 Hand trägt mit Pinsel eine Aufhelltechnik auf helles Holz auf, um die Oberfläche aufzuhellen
---
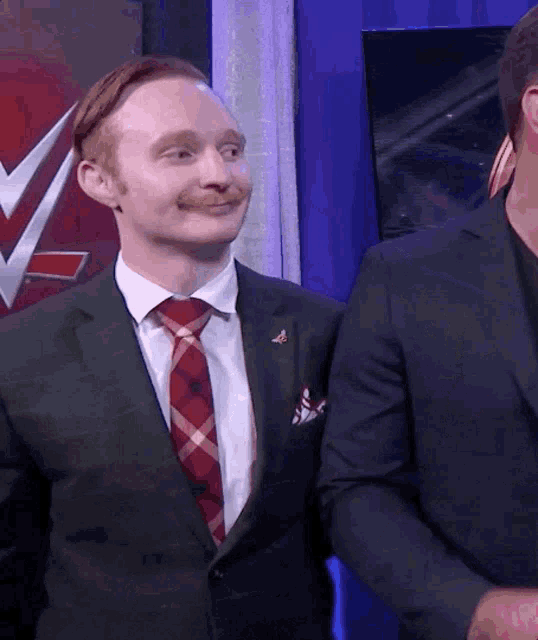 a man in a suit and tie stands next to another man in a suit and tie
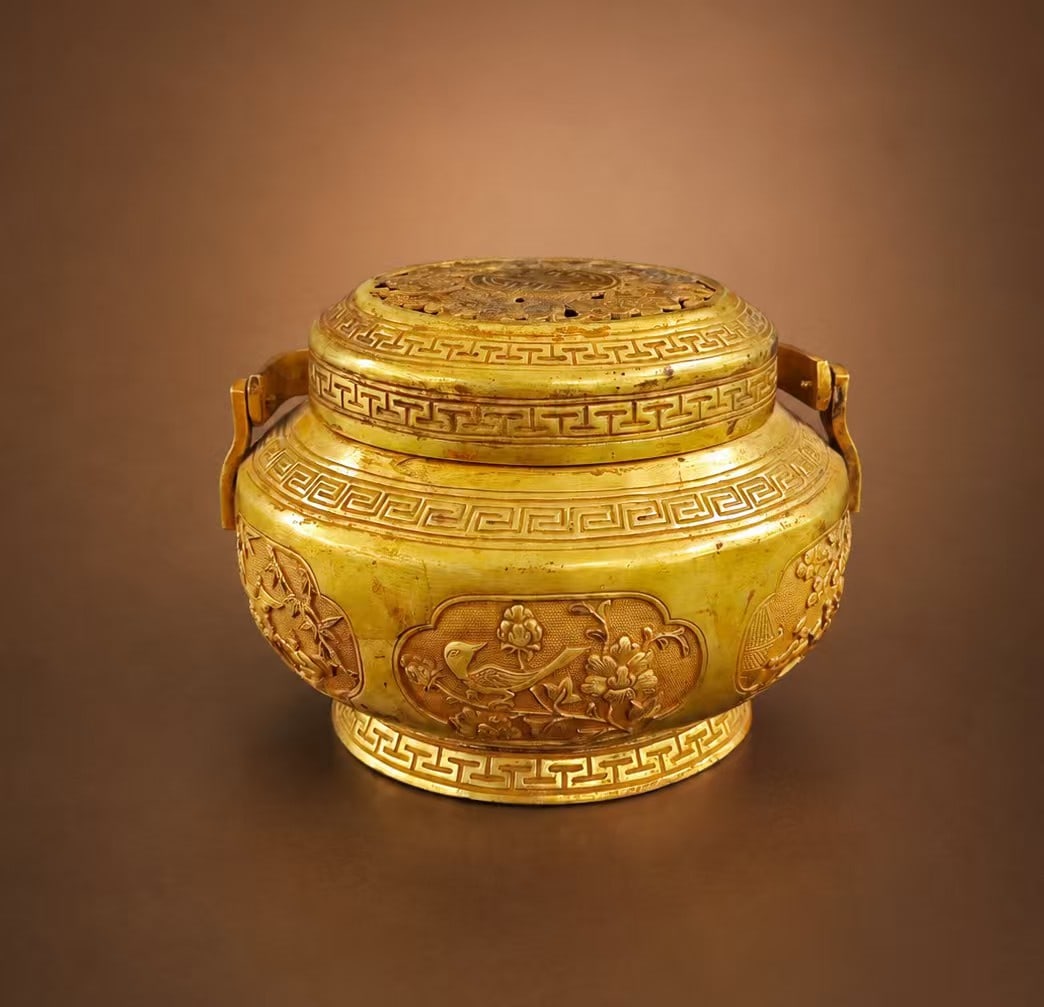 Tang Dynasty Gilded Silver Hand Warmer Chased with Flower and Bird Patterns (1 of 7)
--
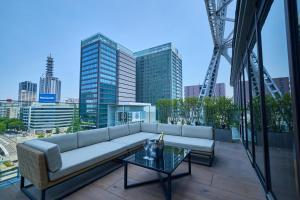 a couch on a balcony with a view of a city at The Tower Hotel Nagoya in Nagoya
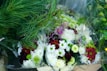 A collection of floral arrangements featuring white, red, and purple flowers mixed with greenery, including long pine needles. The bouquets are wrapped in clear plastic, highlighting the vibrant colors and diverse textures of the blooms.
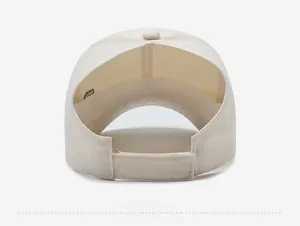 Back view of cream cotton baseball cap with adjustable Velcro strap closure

### EXERCISE DETAILS
Every line above in the stretch from the one with "a couch on a" through the one with "Back view of" is to be transcribed exactly, ends included. No picture is copied.

### PROBLEM SOLUTION
 a couch on a balcony with a view of a city at The Tower Hotel Nagoya in Nagoya
 A collection of floral arrangements featuring white, red, and purple flowers mixed with greenery, including long pine needles. The bouquets are wrapped in clear plastic, highlighting the vibrant colors and diverse textures of the blooms.
 Back view of cream cotton baseball cap with adjustable Velcro strap closure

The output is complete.